You need to remember the context in which the events in Benghazi took place. We had just witnessed a Democratic National Convention in which we heard assertions of this sort, proffered here by Joe Biden:


The spine of steel. Bin Laden is dead and General Motors is alive. All that sort of thing. Back to Williamson:
It should go without saying that the Obama administration should have been forthright about what happened that day rather than try to deflect blame on to a “right-wing Christian” filmmaker and his alleged provocations. Beyond that, even with an election on the near horizon, the Obama administration probably did not really politically need to mislead the public about those events. Having our embassy in Cairo overrun was humiliating, and the deaths in Benghazi were shocking, but Americans are by this point used to seeing their countrymen killed in lands where Islam predominates, and they have suffered enough humiliations that one more was not going to cost anybody an election.
I think that's right. Certainly it was embarrassing to the Democrats generally, and Barack Obama in particular, that the bluster of Joe Biden was humiliatingly wrong, but I do think they could have got by with it if they'd simply told the truth. People understand that the world is a dangerous place and we can't protect everyone, everywhere, every time.

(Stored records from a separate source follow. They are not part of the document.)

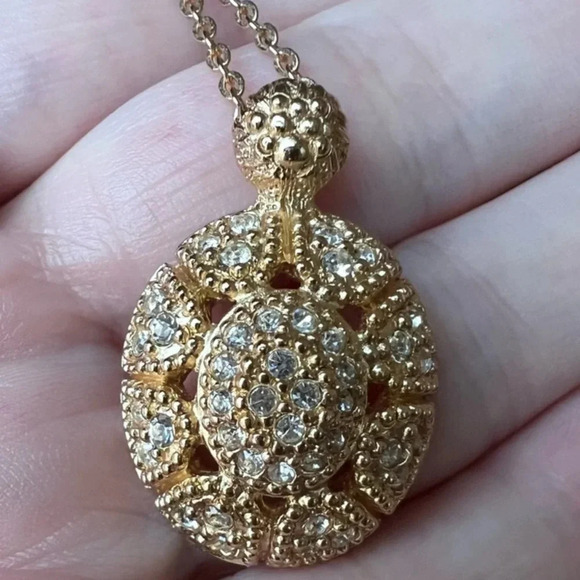 Vintage Dior Gold Crystal Pendant Necklace – Signed, Rare Sparkle - Picture 5 of 5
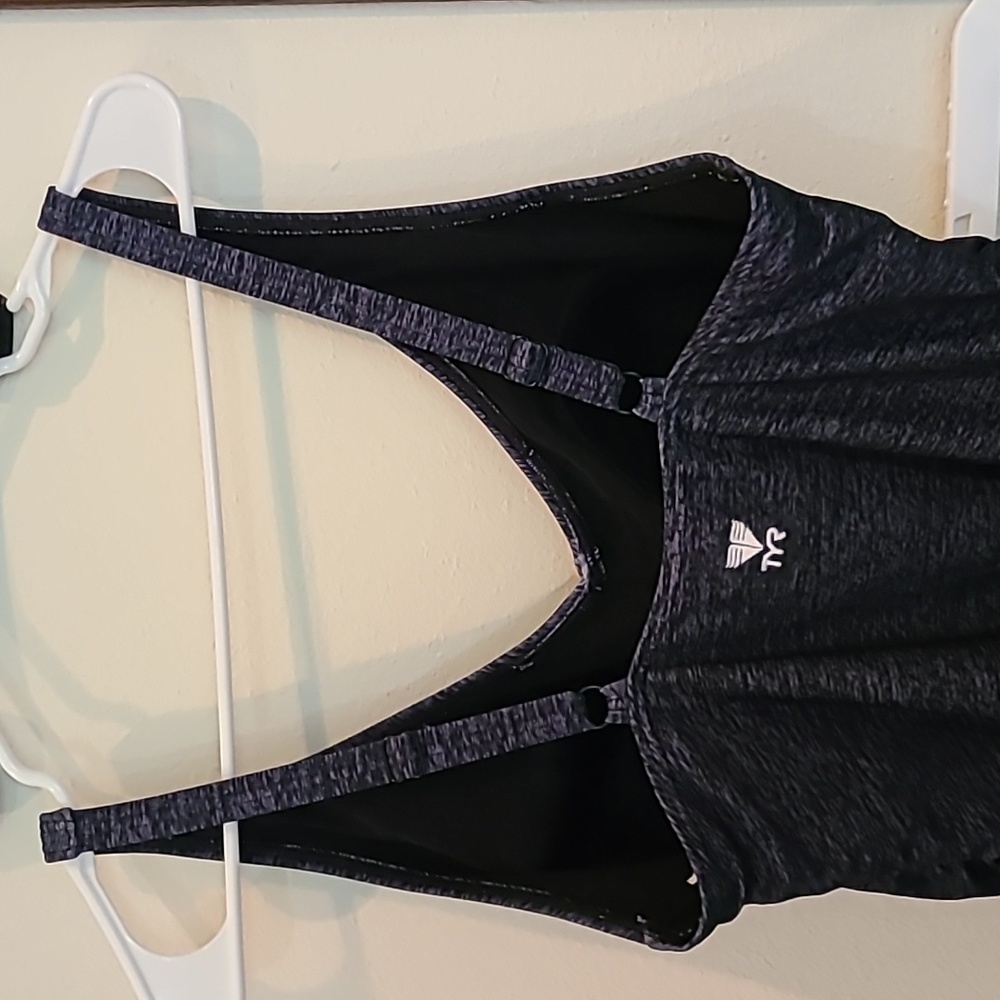 TYR Swimsuit - Picture 2 of 3
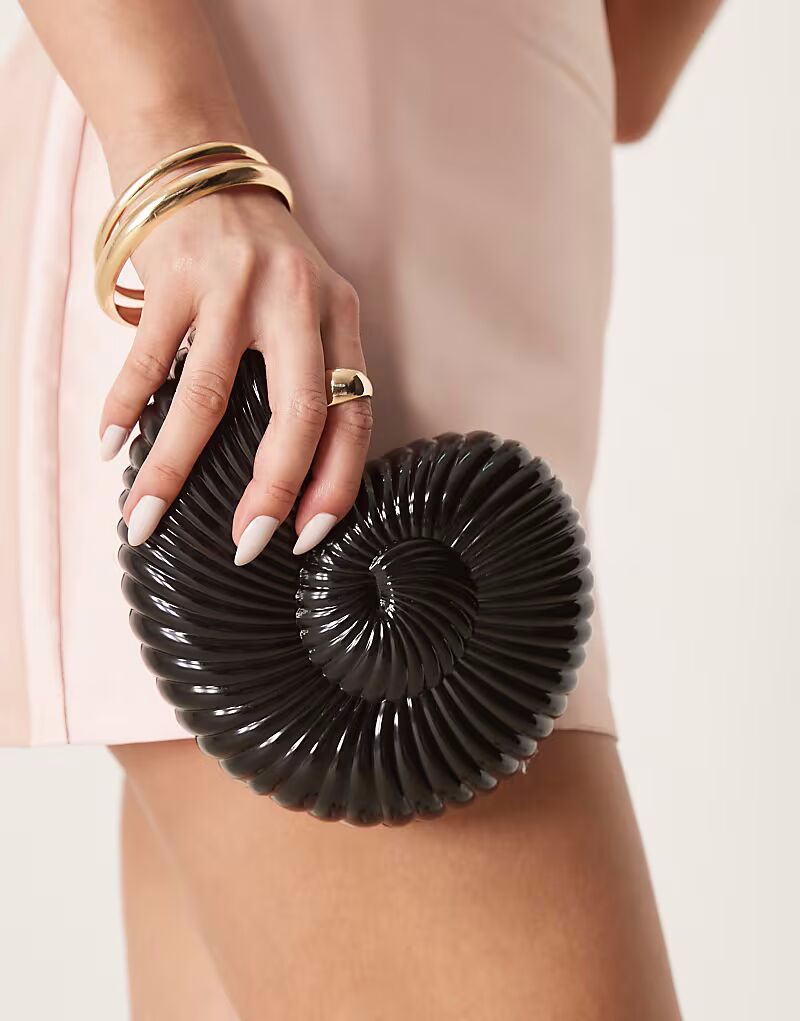 

Сумка-клатч Ammonite ASOS DESIGN с жестким корпусом и съемным цепочным ремешком черного цвета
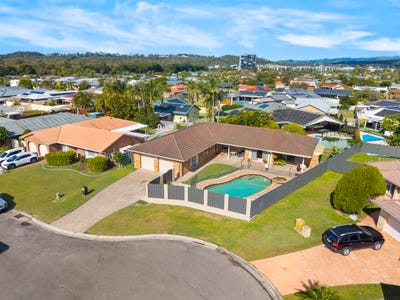 /international/au/20-silkyoak-court-burleigh-waters-qld-151439512/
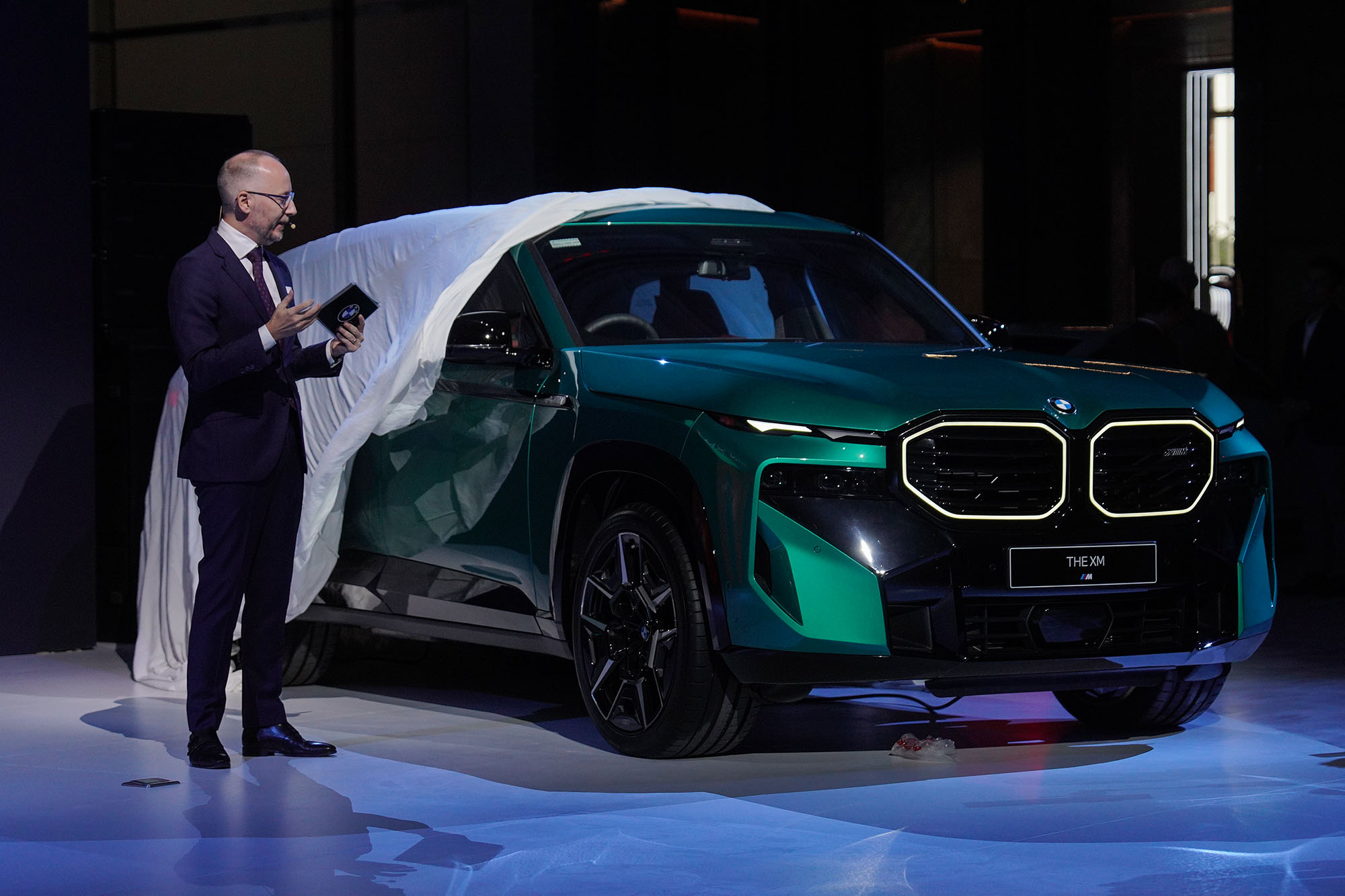 BMW Indonesia Hadirkan Kemewahan dan Teknologi Terbaru di GIIAS 2024
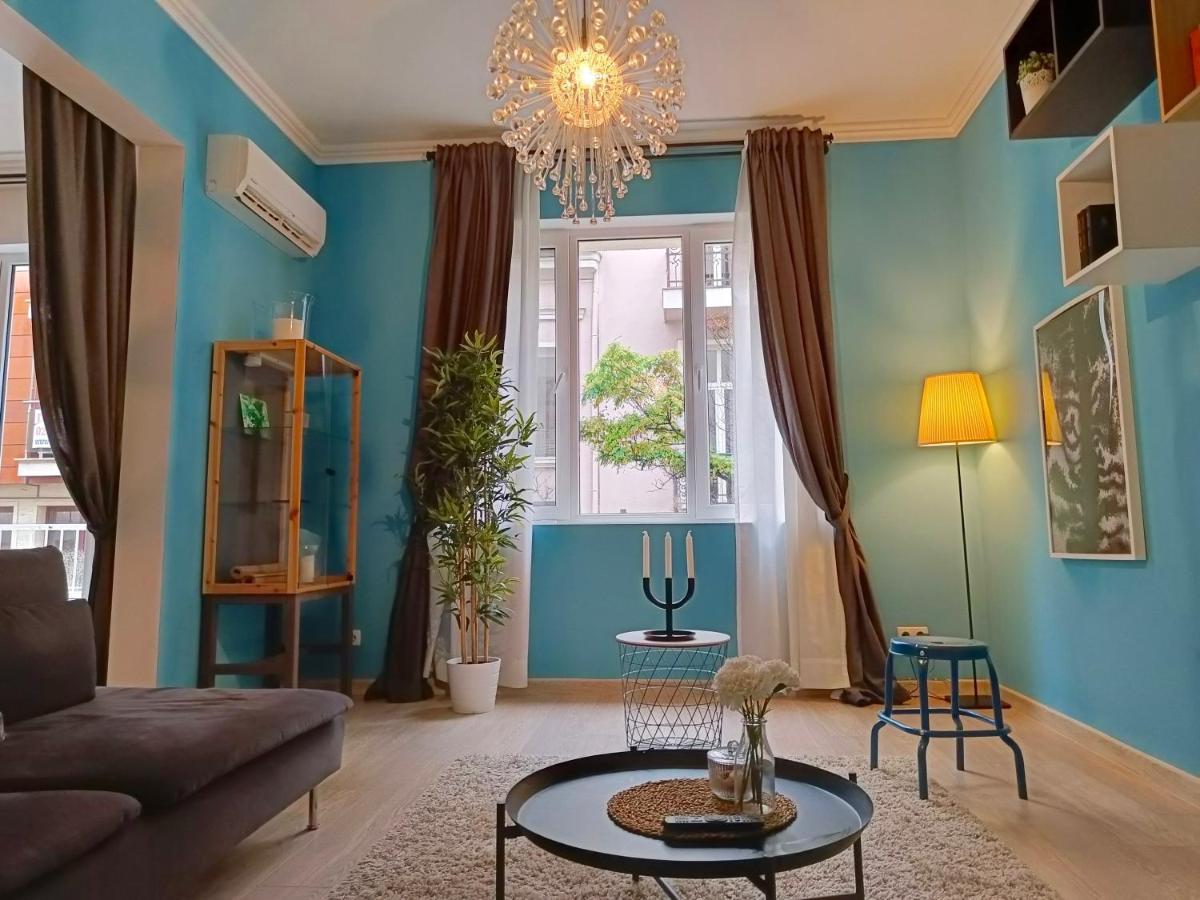 סופיה Newly Refurbished Apartment In The City Center מראה חיצוני תמונה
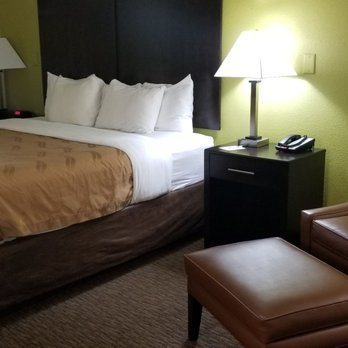 Quality Inn Asheville Downtown Tunnel Rd — Guest room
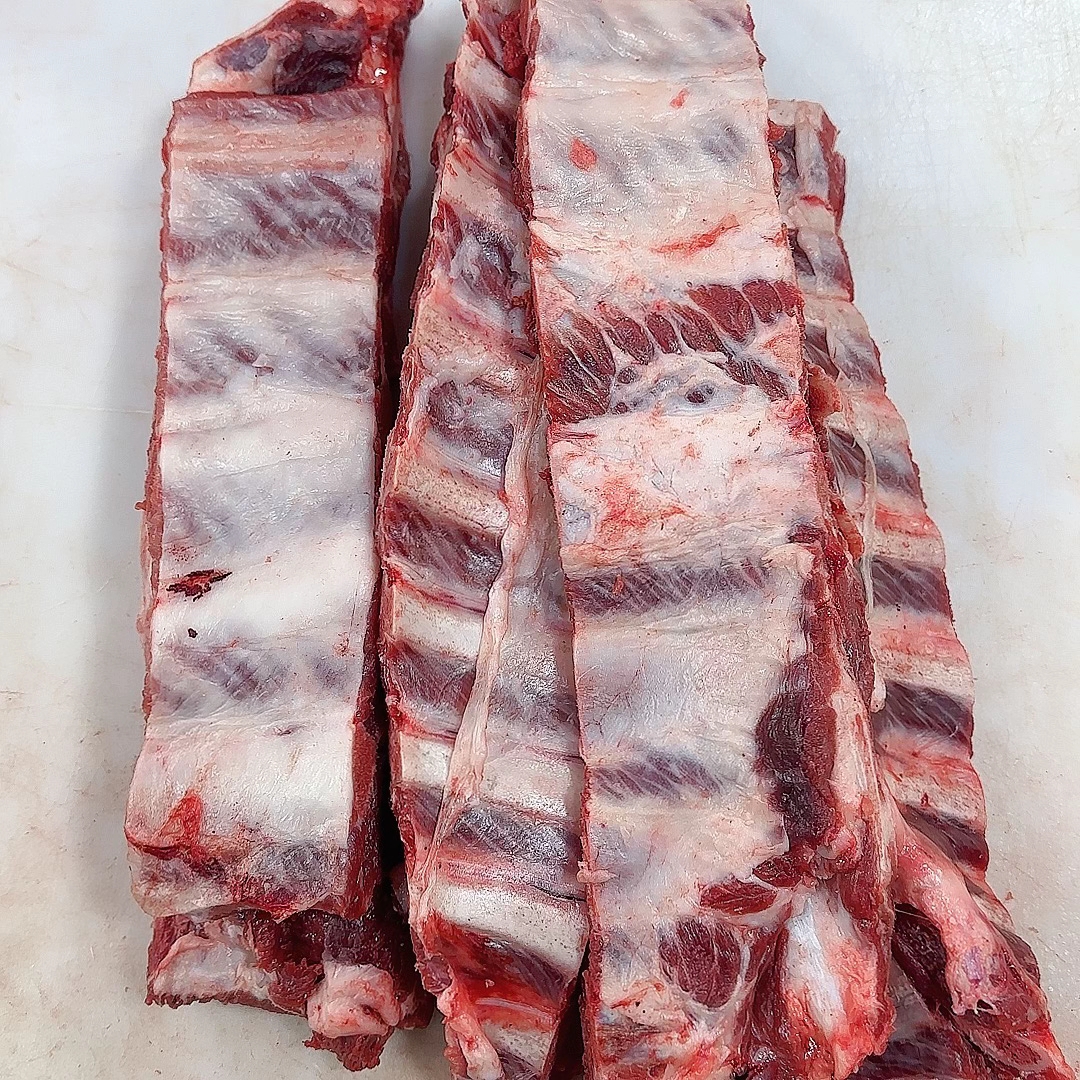 贞香东北粮食猪排骨现场称重3500g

The reason Benghazi remains an issue is that it's clear that this president, and the men and women who serve in his administration, are willing to lie about matters large and small. Sending out a senior official to tell the country that an internet video caused the death of an ambassador is a very big lie. We expect better than that.

3 comments:

3john2 said...

Violent incidents such as Benghazi are not shocking in that environment. A miscalculation in security and mission can always happen. What frosts me is that there were several opportunities - and available resources - to relieve the ambassador and annex staff and it appears this administration sat on its hands and let them die. THAT is what I want an explanation for. Why was abandoning them considered the best possible outcome, or ultimately advantageous to our ends in the region? Why were multiple rescue missions told to stand down, and by whom? Why were there so many commanders in the region that just happened to be nearing retirement age?

Bike Bubba said...

What bothers me most here is that a basic tenet of "continuous improvement" is that in order to fix problems--like getting people dead--you've got to admit you have a problem. Somehow, the Obama administration convinced a critical mass at State to ignore this very basic principle.

Criminal charges or impeachment? I don't know, but if I've got people that are not capable of basic process improvement that high, I want them fired. Not retired, fired.

Mr. D said...

Crankbait, all outstanding questions.

Bubba, we can start firing some people in November.